The state forest authorities maintain that Wayanad sanctuary could not contain the increasing tiger population and hence mooted tiger population control through culling and relocation. A meeting on Monday also entrusted a group of forest officials to work out an action plan for dealing with the tiger menace. The minister said that the state would approach Supreme Court seeking nod for wild animal control measures.

Strongly opposing the move, environmentalists M N Jayachandran and N Badusha said that the government was trying to put the blame on the increasing tiger population for the man-animal conflicts without any scientific study and thereby hushing up the real reasons.

“The Wayanad Wildlife Sanctuary is connected to Bandipur, Mudumalai, Nagarahole and Cauvery wildlife sanctuaries and tiger reserves. Tigers and other wild animals used to move around these forest areas. Hence, estimating that the Wayanad sanctuary is overpopulated by considering only the area of the Wayanad wildlife sanctuary is illogical.
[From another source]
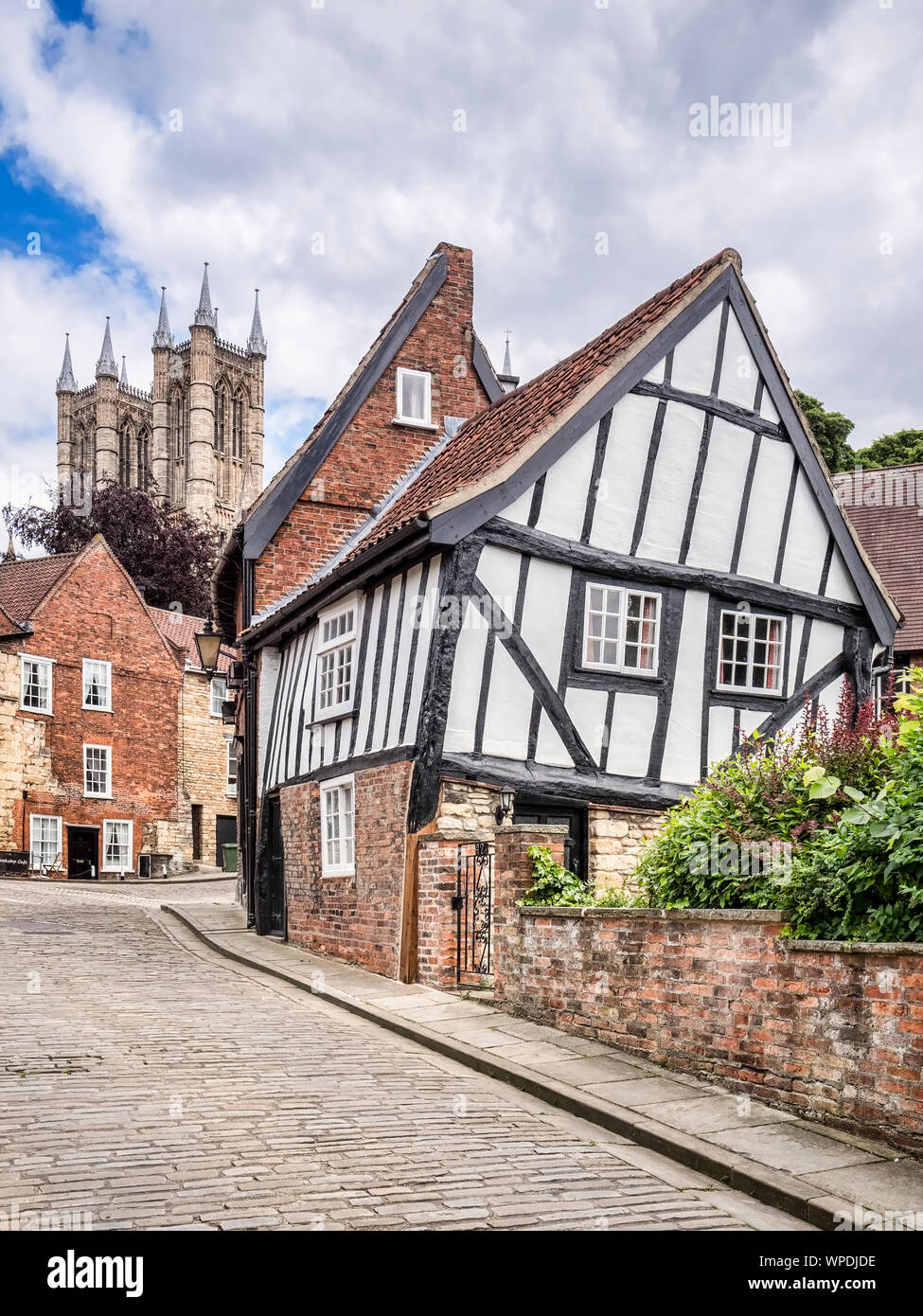 Vom 2. Juli 2019: Lincoln, Lincolnshire, Großbritannien - schiefe Fachwerkhaus in Michaelgate, Lincoln. Stockfoto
We will legally fight any attempts to control the tiger population of Kerala,” said Badusha, who is the president of Wayanad Prakrithi Samrakshana Samithi.

Jayachandran, who was a former member of the animal welfare board, accused the minister of being silent on the tourism activities, encroachments of forest land and changes in crop patterns near forest areas. “The state government should be carrying out a detailed scientific study to find the reasons why wild animals enter human settlements instead of mooting steps like culling,” he said.